Data →
++++++++++++++++++++
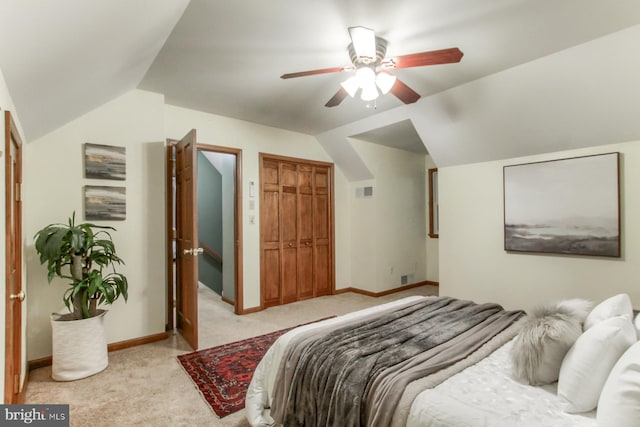 carpeted bedroom with ceiling fan, a closet, and lofted ceiling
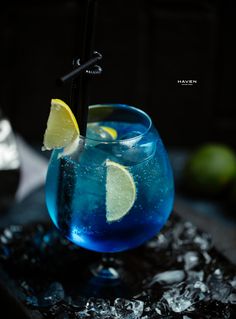 two glasses filled with blue liquid and lemon wedges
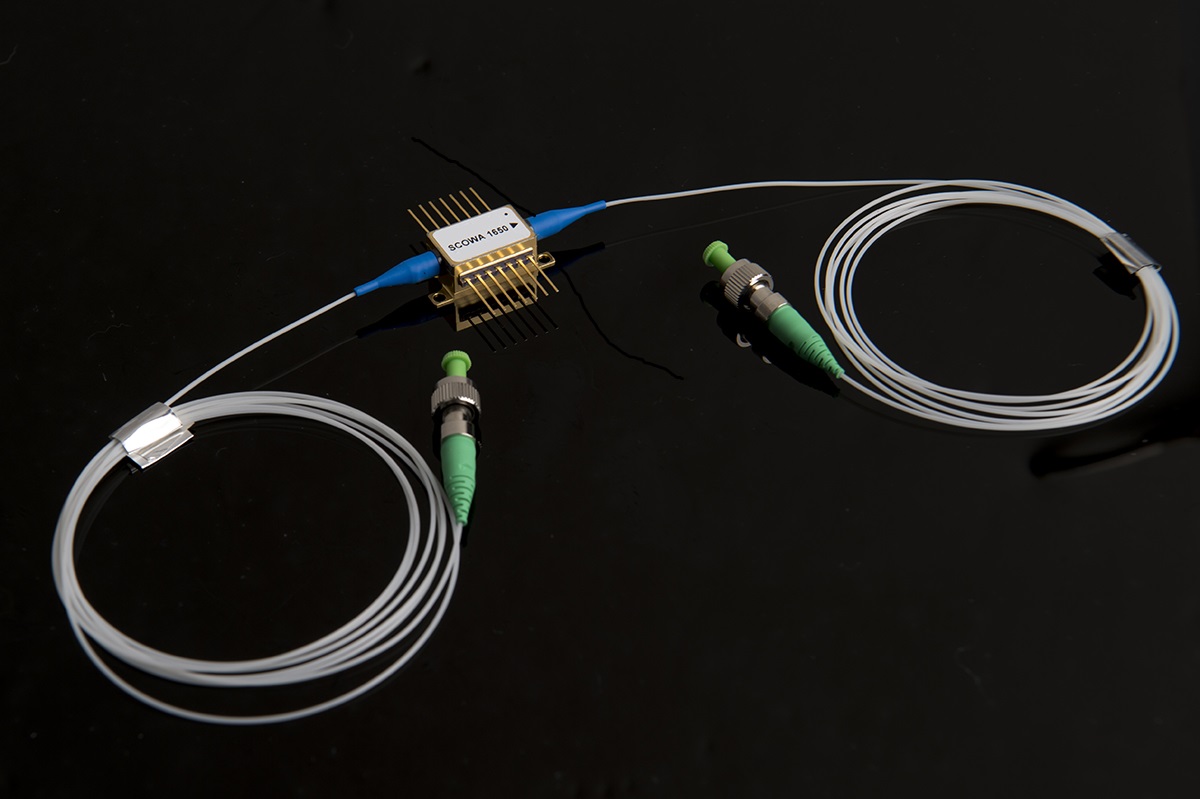 A packaged 1.65-micron slab-coupled optical waveguide amplifier (SCOWA)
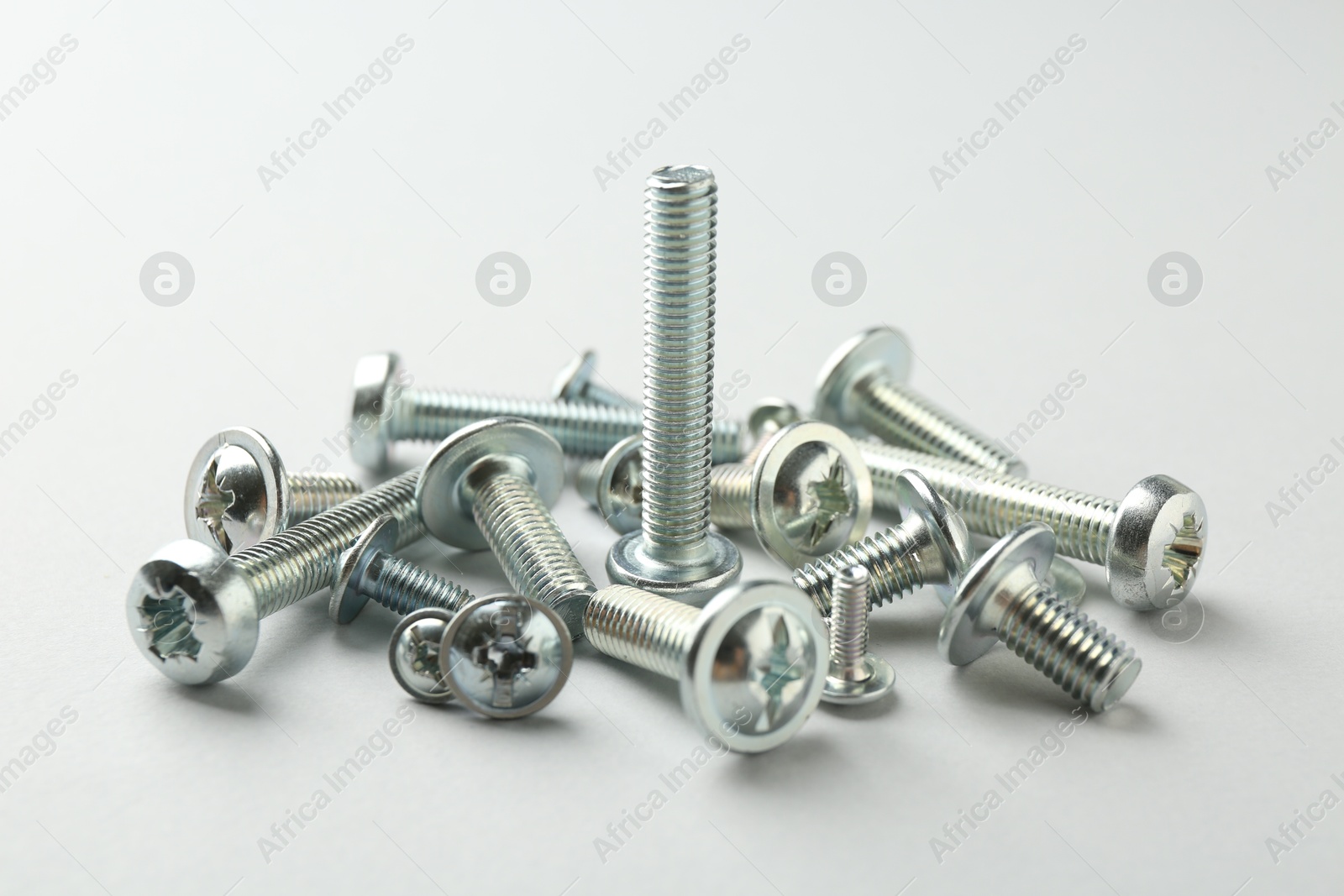 Many different metal bolts on light grey background, closeup. Hardware tool Photo of Many different metal bolts on light grey background, closeup. Hardware tool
++++++++++++++++++++
Problem description → Here the job is to print the data above exactly, except for any pictures.

Solution to this task →
 carpeted bedroom with ceiling fan, a closet, and lofted ceiling
 two glasses filled with blue liquid and lemon wedges
 A packaged 1.65-micron slab-coupled optical waveguide amplifier (SCOWA)
 Many different metal bolts on light grey background, closeup. Hardware tool Photo of Many different metal bolts on light grey background, closeup. Hardware tool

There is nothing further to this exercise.